[Start of section]

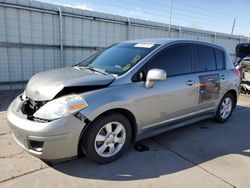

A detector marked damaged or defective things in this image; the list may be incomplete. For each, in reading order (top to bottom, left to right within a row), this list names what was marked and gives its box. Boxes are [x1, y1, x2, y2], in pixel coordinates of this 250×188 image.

damaged front bumper [6, 95, 86, 160]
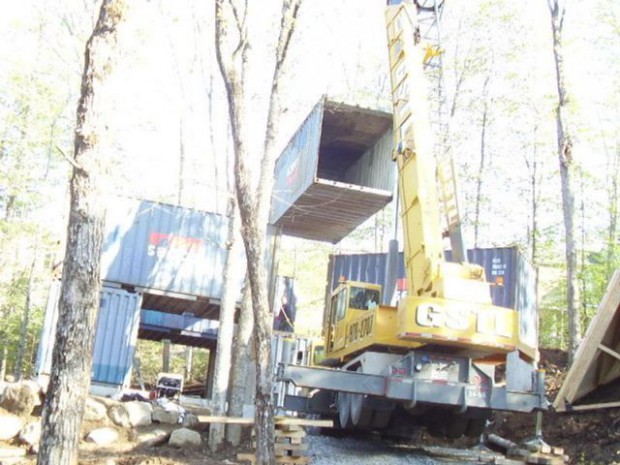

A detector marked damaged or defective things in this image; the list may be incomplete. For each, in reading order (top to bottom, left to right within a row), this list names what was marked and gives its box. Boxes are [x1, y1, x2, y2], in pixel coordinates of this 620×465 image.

rusty container panel [270, 98, 392, 243]
rusty container panel [100, 197, 243, 298]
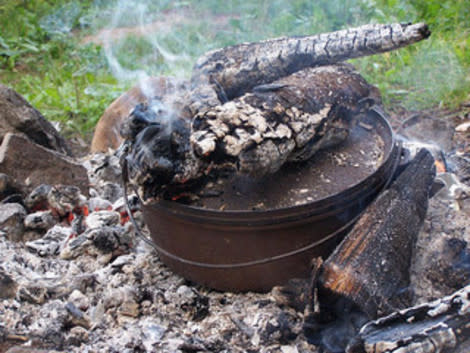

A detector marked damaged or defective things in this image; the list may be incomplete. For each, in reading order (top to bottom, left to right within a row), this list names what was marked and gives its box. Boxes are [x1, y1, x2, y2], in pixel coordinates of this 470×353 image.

burnt wood fragment [304, 148, 436, 350]
burnt wood fragment [346, 284, 470, 352]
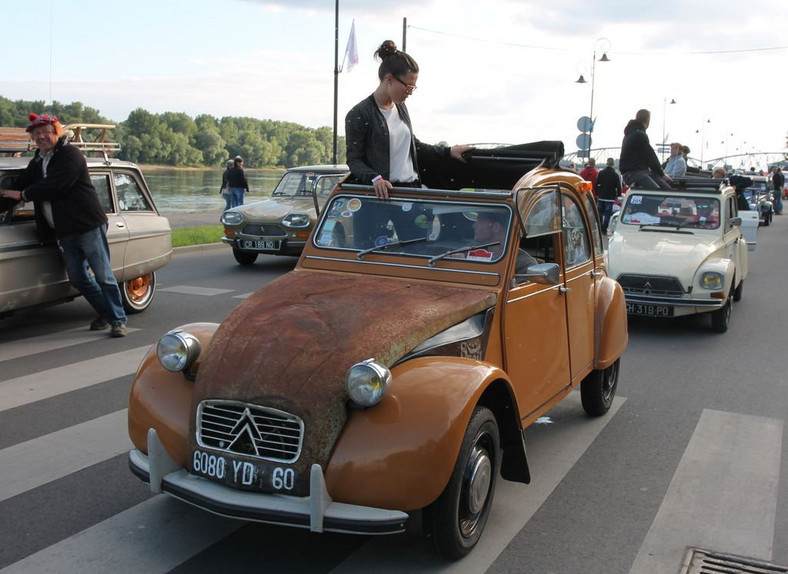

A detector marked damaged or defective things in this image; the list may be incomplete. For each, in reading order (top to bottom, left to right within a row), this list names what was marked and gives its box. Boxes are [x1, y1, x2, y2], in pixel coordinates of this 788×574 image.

rusty car hood [189, 272, 496, 488]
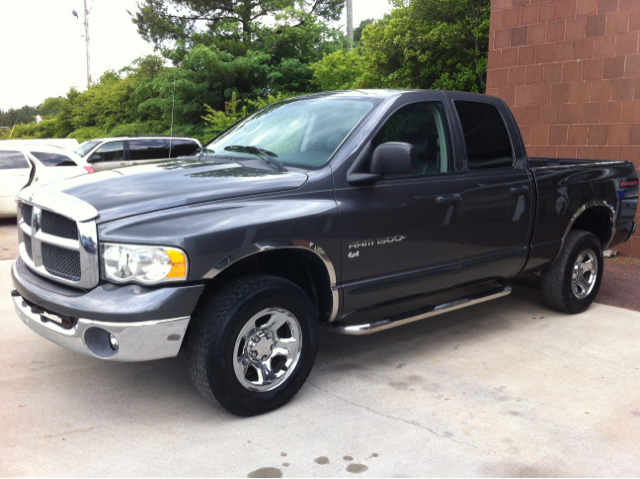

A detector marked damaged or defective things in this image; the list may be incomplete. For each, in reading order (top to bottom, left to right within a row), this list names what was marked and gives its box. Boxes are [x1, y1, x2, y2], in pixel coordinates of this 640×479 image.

pavement crack [306, 380, 480, 452]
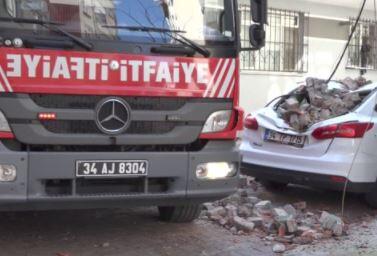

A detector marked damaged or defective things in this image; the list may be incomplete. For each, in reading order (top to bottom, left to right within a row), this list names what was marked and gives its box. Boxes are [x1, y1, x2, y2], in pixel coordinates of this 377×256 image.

damaged white car [238, 77, 377, 207]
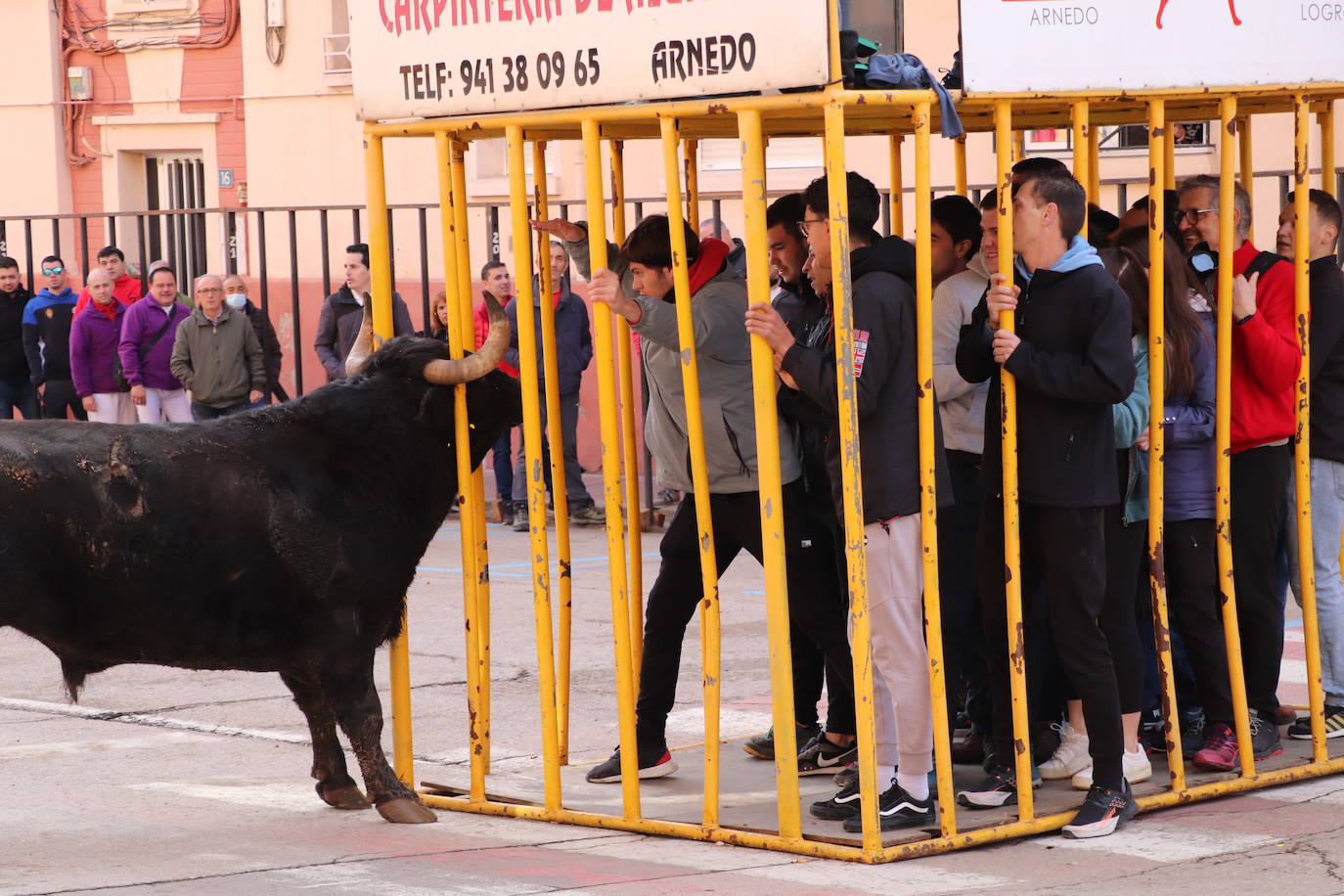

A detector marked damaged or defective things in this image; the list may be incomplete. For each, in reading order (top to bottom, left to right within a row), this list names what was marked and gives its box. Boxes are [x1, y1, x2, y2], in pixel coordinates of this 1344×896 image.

rusted yellow bar [365, 131, 411, 784]
rusted yellow bar [437, 129, 486, 800]
rusted yellow bar [451, 138, 494, 774]
rusted yellow bar [505, 127, 564, 811]
rusted yellow bar [529, 138, 572, 763]
rusted yellow bar [577, 117, 640, 822]
rusted yellow bar [612, 138, 648, 679]
rusted yellow bar [655, 115, 720, 832]
rusted yellow bar [682, 139, 703, 229]
rusted yellow bar [736, 109, 795, 843]
rusted yellow bar [828, 98, 881, 854]
rusted yellow bar [914, 101, 957, 837]
rusted yellow bar [994, 100, 1032, 822]
rusted yellow bar [1144, 101, 1187, 789]
rusted yellow bar [1220, 103, 1258, 779]
rusted yellow bar [1284, 96, 1327, 757]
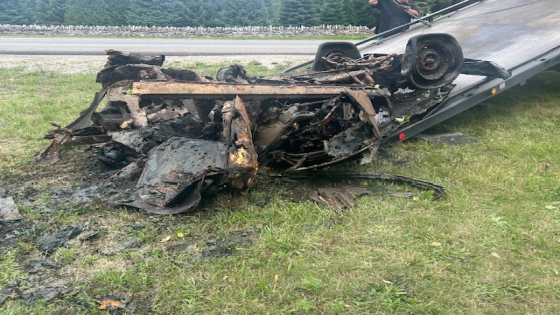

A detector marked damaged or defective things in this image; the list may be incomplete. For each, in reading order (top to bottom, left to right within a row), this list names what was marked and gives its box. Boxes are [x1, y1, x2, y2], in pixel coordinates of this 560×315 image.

fire damage [35, 34, 508, 215]
burnt debris [37, 34, 506, 215]
burned car wreck [39, 34, 510, 216]
overturned vehicle [41, 34, 510, 216]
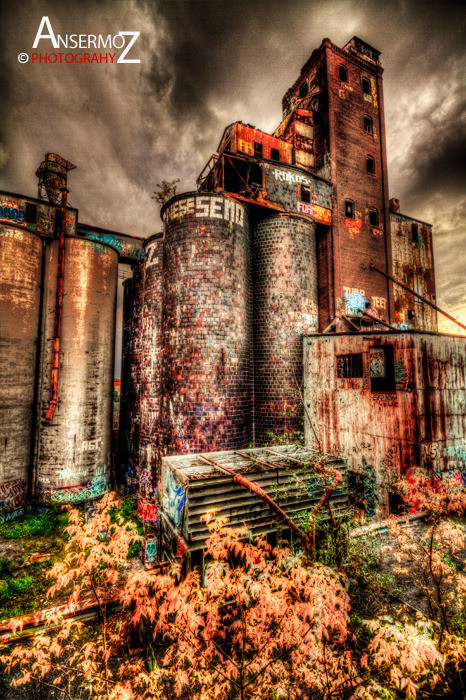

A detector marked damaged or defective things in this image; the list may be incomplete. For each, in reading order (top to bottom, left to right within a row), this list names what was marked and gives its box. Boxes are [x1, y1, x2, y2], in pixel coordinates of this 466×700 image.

rusted metal siding [0, 227, 42, 512]
rusty silo [0, 226, 42, 516]
rusted pipe [44, 187, 68, 422]
rusty silo [34, 237, 118, 504]
rusted metal siding [35, 238, 118, 500]
rusty silo [138, 232, 164, 494]
rusty silo [161, 191, 255, 454]
rusted metal siding [161, 193, 255, 454]
rusted metal siding [160, 448, 346, 556]
rusty silo [253, 213, 318, 442]
broken window [336, 352, 366, 380]
broken window [370, 346, 396, 394]
rusted metal siding [304, 330, 464, 516]
rusted metal siding [390, 213, 436, 330]
rusted pipe [372, 262, 466, 332]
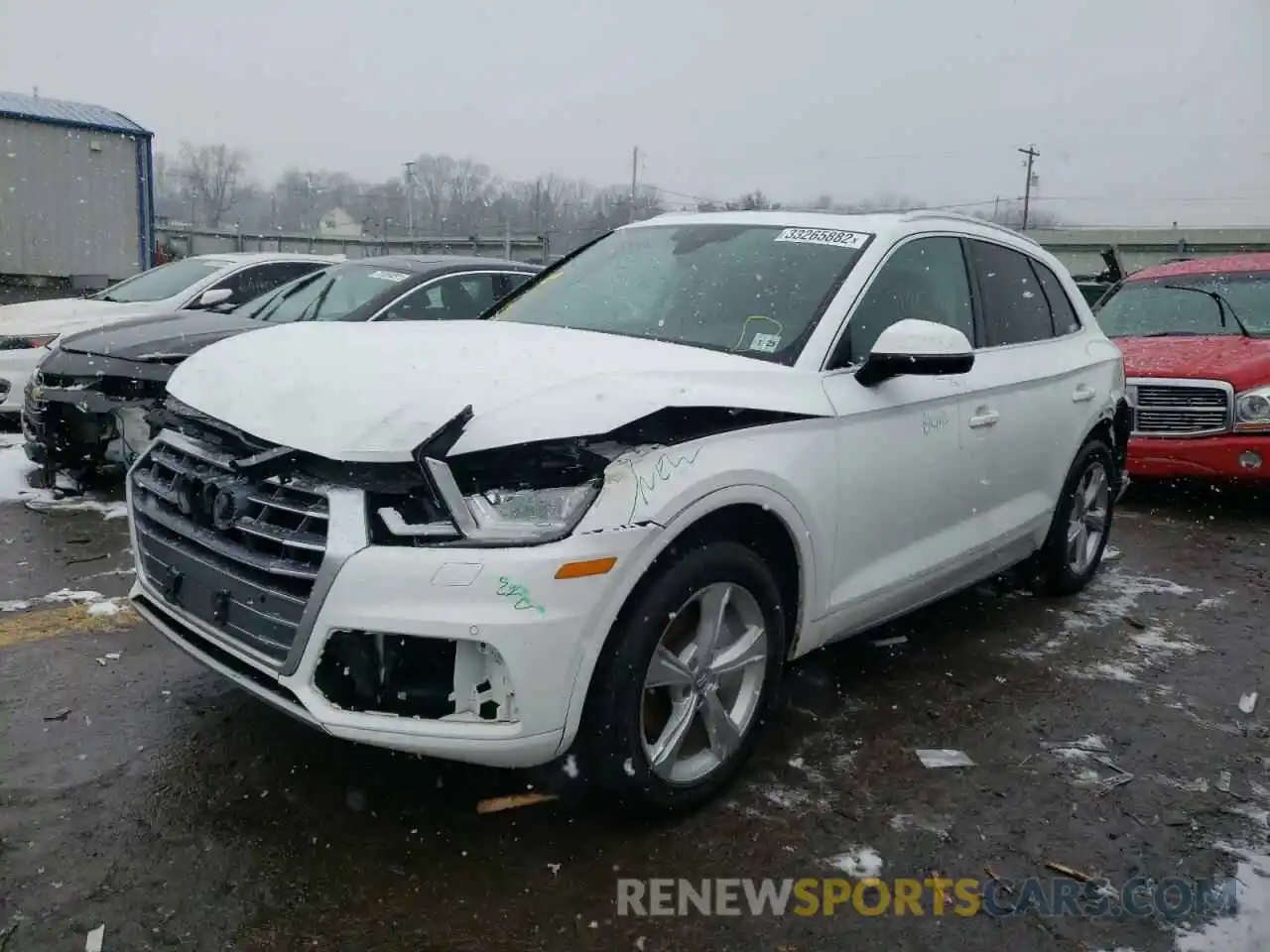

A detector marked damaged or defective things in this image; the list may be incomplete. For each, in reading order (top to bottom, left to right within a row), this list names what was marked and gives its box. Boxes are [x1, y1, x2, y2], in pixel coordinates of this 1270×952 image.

crumpled hood [0, 301, 160, 341]
crumpled hood [60, 313, 260, 361]
crumpled hood [167, 319, 833, 460]
crumpled hood [1111, 337, 1270, 393]
damaged white audi q5 [126, 212, 1127, 813]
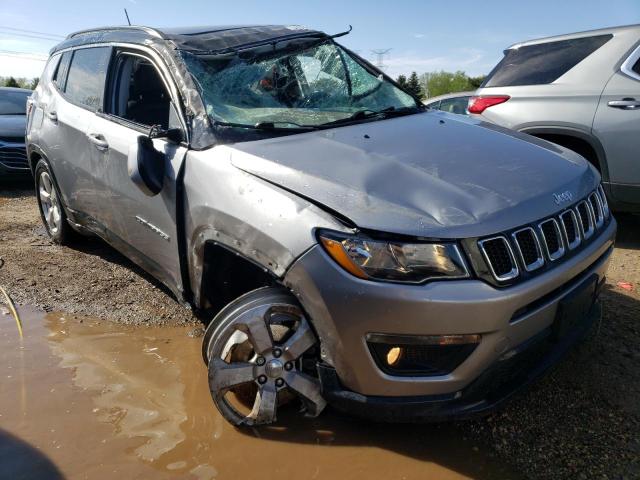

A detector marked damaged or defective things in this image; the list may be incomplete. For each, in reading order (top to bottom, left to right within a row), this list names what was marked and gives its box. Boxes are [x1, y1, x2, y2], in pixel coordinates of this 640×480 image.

crumpled hood [0, 115, 26, 140]
shattered windshield [180, 38, 420, 131]
crumpled hood [231, 112, 600, 240]
damaged front bumper [284, 219, 616, 418]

[End of section]

* [PROBLEM DESCRIPTION]:
Please reproduce the listing word for word, but only from the line that contains "this 640×480 image." to its last line, inclusive.

* [EXERCISE RESULT]:
A detector marked damaged or defective things in this image; the list may be incomplete. For each, in reading order (top to bottom, left to right within a row), this list names what was marked and gives its box. Boxes are [x1, y1, x2, y2], in pixel coordinates of this 640×480 image.

crumpled hood [0, 115, 26, 140]
shattered windshield [180, 38, 420, 131]
crumpled hood [231, 112, 600, 240]
damaged front bumper [284, 219, 616, 418]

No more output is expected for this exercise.